The game is an endless cycle of creating, playing a timed round, counting your loot, getting new stuff, creating, etc. In classic Nintendo fashion, a potentially dull and repetitive concept emerges as well-paced and hilarious.
My first impressions remain in place, and the only thing that’s changed from those first hours is pure astonishment at how much content is stuffed into this $6.99 eShop download. Ten hours in, I’m still unlocking new characters, new freakyform pieces and new areas to explore. And these items aren’t rare: I’ve gotten something new–often several–after every single trip to the overworld.
If you like to draw or design, you’ll be in heaven discovering what can be accomplished with the pieces, and then watching your creations spring to life. If you don’t enjoy building from scratch, the game has you covered with an amazing parade of pre-made citizens to copy and alter. Either way, you can let your imagination go nuts in Freakyforms; An orange, ray-gun equipped vampire whale who flies by flapping his mustache-made-of-wings is not a strange sight in this world.
The game’s sound is a highlight, particularly the characters’ nonsense language. Choosing a voice for your character is a hoot, and take note: there are multiple performances for each vocal style–they change between sessions!
The collecting aspect of Freakyforms is as well-presented as its creation tools: awards of new parts and expansions are cleverly spaced throughout the gameplay to keep the momentum going; you’re always enjoying the moment, yet returning again and again to find out what’s inside the next treasure chest, egg, or challenge reward.

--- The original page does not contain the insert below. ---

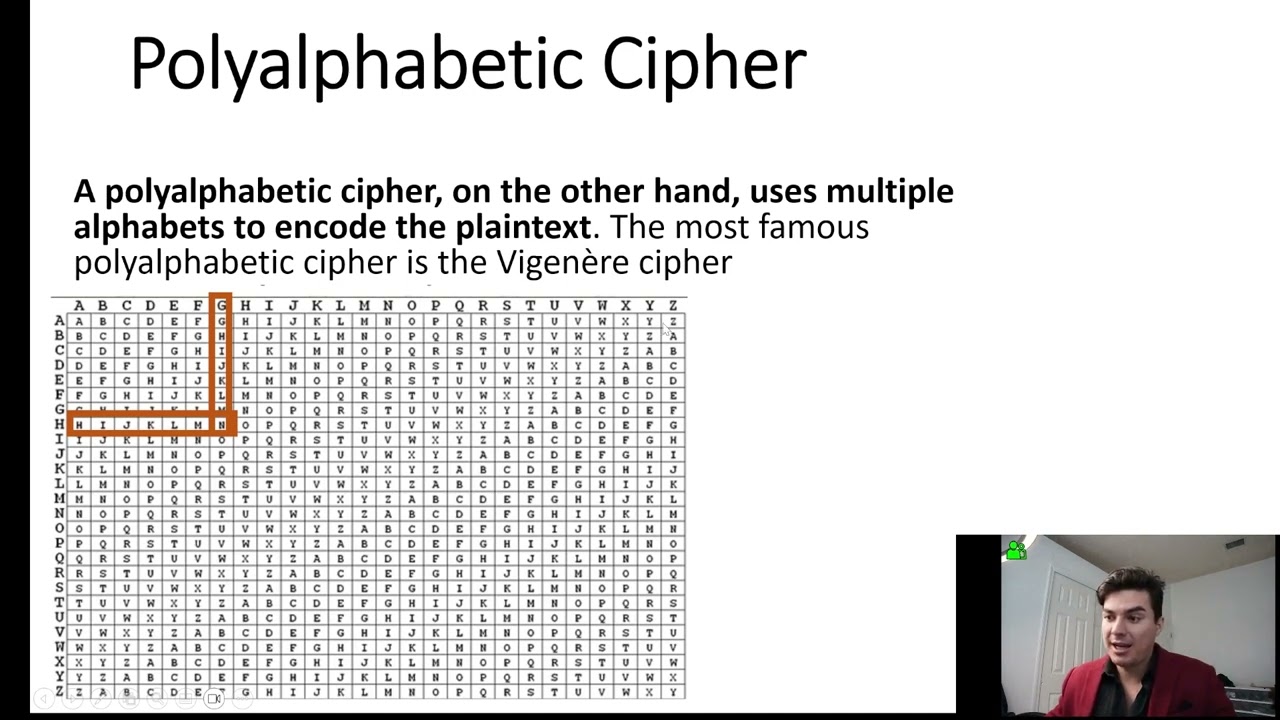 Master Monoalphabetic & Polyalphabetic Ciphers with Paris Wolf π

Which brings up another great Nintendo touch: the new items don’t come to you as simple announcements, no sir. When you get a prize, it comes packaged in either a foil trading card wrapper or a retail blister pack, complete with the hook hole. Occasionally, you’ll be presented with three blister packs…but you can only pick one! Childhood dimestore flashback!
The gameplay is unique. The idea of a timer ticking down on each platforming session may sound unappealing, but it actually makes the game more fun. The overworld isn’t designed to be explored at leisure; it would get dull quickly. By limiting your time there–and offering many, many objectives to choose from–it suddenly becomes a race to gobble, find, and collect as much as you can. You won’t mind when the timer hits zero, because that means it’s time to see what you’ve won!

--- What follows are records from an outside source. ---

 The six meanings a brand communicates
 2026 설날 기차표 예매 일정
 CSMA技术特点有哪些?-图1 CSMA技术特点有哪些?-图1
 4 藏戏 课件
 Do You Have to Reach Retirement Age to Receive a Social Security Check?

The in-game stylus controls may occasionally have you longing for button input, but the slingshot jumping mechanic is enjoyable enough to balance things out. Speaking of balance, it probably won’t take players long to realize that winged characters kick butt and wheeled characters are best left for the cityscape.
The 3D adds a further bit of surrealism and beauty to the two-plane paper world, but I found myself switching it off for extended play. In this game, it’s strictly for show.
I’ll leave the rest for you to discover. With this game, Nintendo has proven that they can, indeed, release an original downloadable title that provides more fun and depth than nearly all iOS offerings. I’ve downloaded a ton of games from Apple’s App Store, and enjoyed most of them. I’d call of few of them “great.” But not one–save for maybe Scribblenauts–has provided me with the kind of full-blast, cartridge-worthy, insane-attention-to-detail fun I’ve gotten from Freakyforms.
Nintendo’s got what it takes to compete in the downloadable game world. They just need to keep it coming. In the meantime, thanks for Freakyforms, Nintendo. It’s worth every penny.
And I’ve no idea why the hats have an “A” on them.